Calibra CEO Defends Libra at Its First Major Encounter with 26 Global Central Banks
David Marcus, the CEO of Calibra, behind Facebook’s Libra has announced that the proposed stablecoin would not be a threat to the monetary sovereignty of nations as suggested previously by regulators.
A meeting was held on Monday in Switzerland at the Bank for International Settlements (BIS) between the 26 global central banks and the founders of Libra. In a Twitter thread, Marcus mentioned, “recently there's been a lot of talk about how Libra could threaten the sovereignty of Nations when it comes to money. I wanted to take the opportunity to debunk that notion.”
Marcus heavily defended Libra and said the stablecoin is designed to be a “better payment network and system running on top of existing currencies and delivering meaningful value to consumers all around the world.
Calibra CEO reiterated the fact that the Libra stablecoin project does not intend to form a new currency, but the goal is to build a better payment network system that would be running on top of existing currencies. He stressed that money creation would “strictly remain in the province of sovereign nations.”
Noting that Libra will be backed 1:1 by several strong currencies, Marcus emphasized that the Libra Association strongly urges regulators to have a strict oversight to prevent the company from not upholding its 1:1 backing commitment. Marcus said:
“We believe strong regulatory oversight preventing the Libra Association from deviating from its full 1:1 backing commitment is desirable.”

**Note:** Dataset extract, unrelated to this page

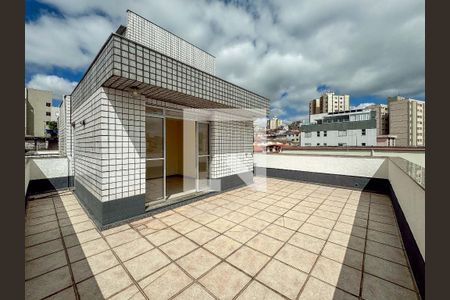 Apartamento à venda com 124m², 3 quartos e 2 vagasFoto 01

ECB: Stablecoins like Libra pose serious risks to public policy priorities
At a meeting at the BIS on Monday in Switzerland, European Central Bank (ECB) board member Benoit Coeure mentioned a few regulatory issues surrounding stablecoins, stating:
“Stablecoins are largely untested, especially on the scale required to run a global payment system. [...] They give rise to a number of serious risks related to public policy priorities. The bar for regulatory approval will be high.”